The name ‘Dandaragan’ was first recorded in 1850 as the name of a nearby gully and spring or watering hole known as ‘Dandaraga Spring’. The word is indigenous Australian in origin and is thought to mean ‘good kangaroo country’.
A visit to Dandaragan must include driving the stunning ‘Dandaragan Way’. Take in stunning scenery including rolling hills and running creeks as you traverse through the wonder of enormous wind turbines that supply power to the Perth metropolitan area, on this wonderfully scenic tourist drive. You’ll see marri trees, thousands of cockatoos and the unique flora of the Badgingarra National Park region in this scenic drive that starts at Regan’s Ford and diverts off the Brand Highway to Dandaragan before arriving in Badgingarra and back to the Brand Highway.
Once in town, this quaint main street has a combined general store / café / post office where you’ll meet the locals, or drop in to the Dandaragan Community Resource Centre which provides access to visitor information, gifts and local arts and crafts. The Centre is also home to the local public library and provides essential community and government services. There is a thriving sports community in the region and visitors are welcome at the various clubs and facilities. The kids will burn off some energy at the new pump bmx track at Pioneer Park adjacent to the playground and tennis courts.

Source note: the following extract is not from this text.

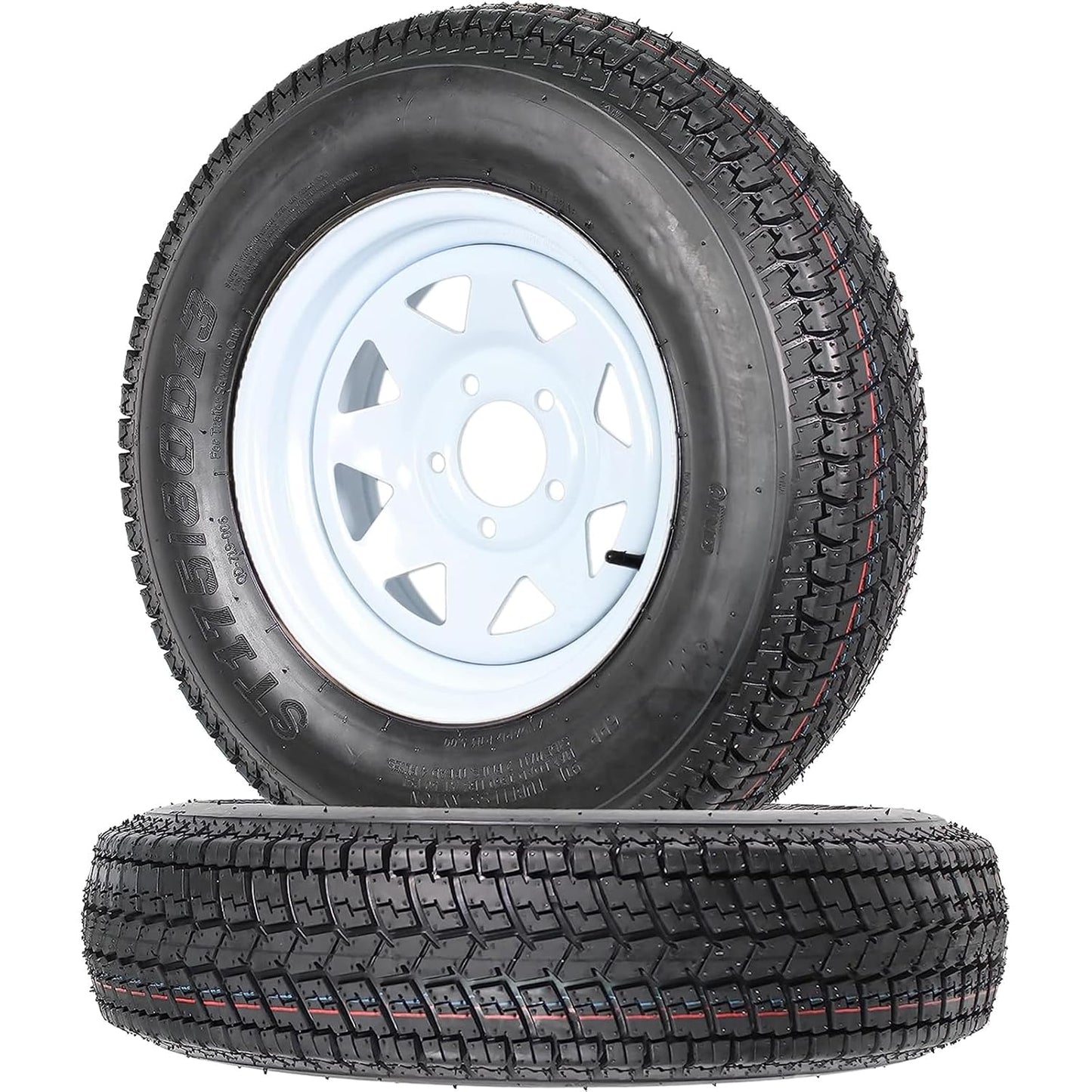 Trailer Tires Rims ST175/80D13 175 80 13 Tire, 5 Lug on 4.5", White Spoke Wheel Load Range C, 6 PLY, Set of 2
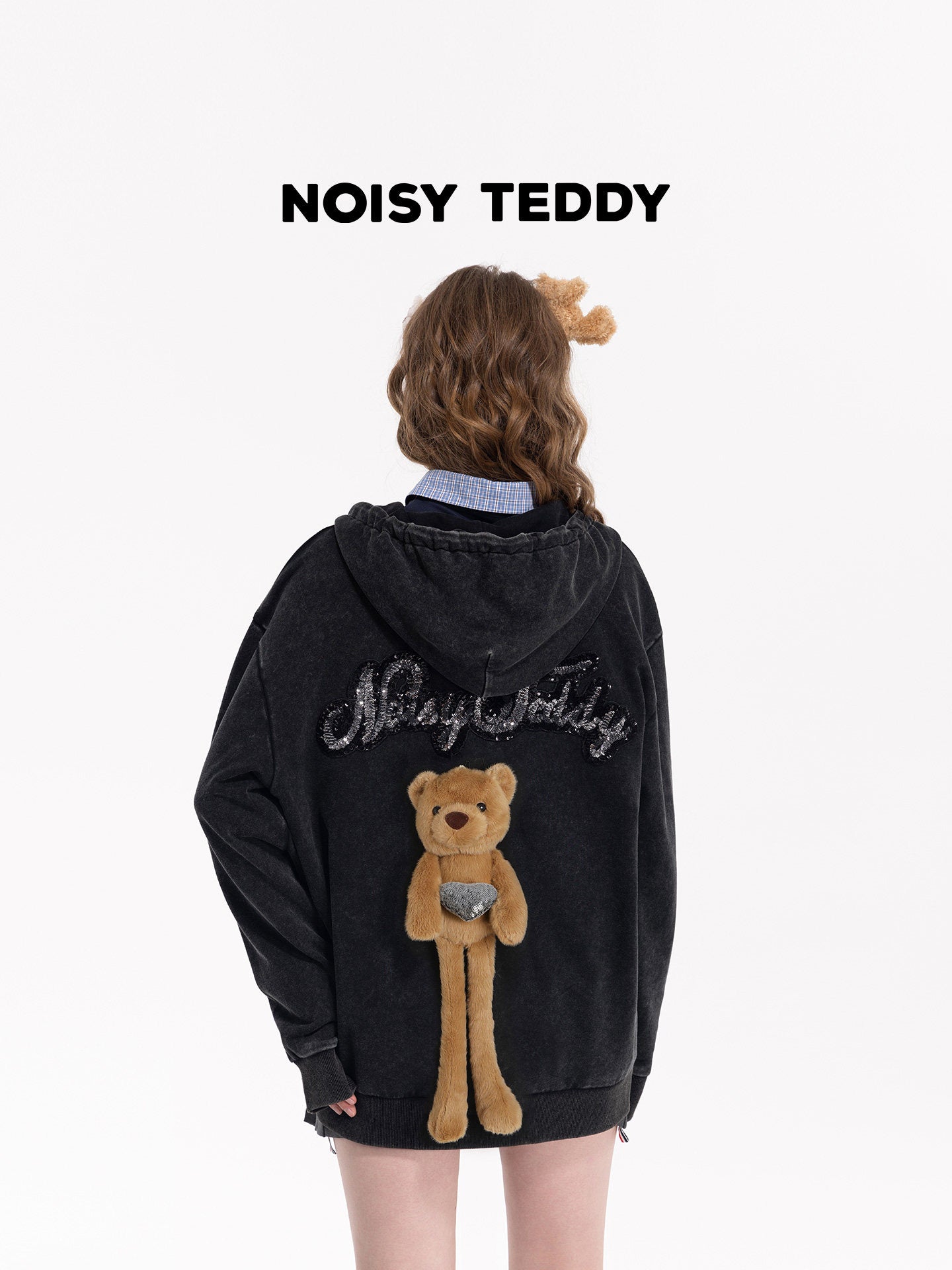 Sequin Embellished Teddy Bear Hooded Jacket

For those passing through in caravans, Pioneer Park includes an ablution block (showers and laundry), gas BBQ’s, gazebos, dump point and a Dandaragan pioneers memorial rotunda depicting the history of the district since 1843. As well as the historical information on the area displayed at the park, the memorial rotunda has been updated with more recent additions of local family details and interesting events that have helped shape the town. It is reflective of the committed, spirited and diverse community that live in and around Dandaragan.
Stop in to visit old Aggie’s Cottage, or ‘Wolba Wolba’ which is located on Badgingarra Road, just out of the main township of Dandaragan. The gorgeous heritage building, perfect for a picnic overlooking the lake, is used by local historical and craft groups and run by a volunteer management committee for events and activities. The brick, stone and iron cottage was erected around 1871 on land which was originally taken up by Thomas Jones. The surrounding area also became an important campsite during World War II when the army carried out extensive training exercises in the district.
Located at the southern end of town, St Anne’s Church was constructed between 1885 and 1887 and is constructed of local soap stone which came from ‘Kayanaba’, a nearby property. This stone was soft when first quarried, so the blocks could be easily sawn into shape. Hardening occurred after contact with the air. The building was opened as a Anglican church and school in 1888 and used for social gatherings and then, after 1890, for the Dandaragan Road Board meetings. Four extra rooms were added on at the rear circa 1900 to provide suitable accommodation for the teacher. Classes were held there until 1948 when it was condemned for use as a school.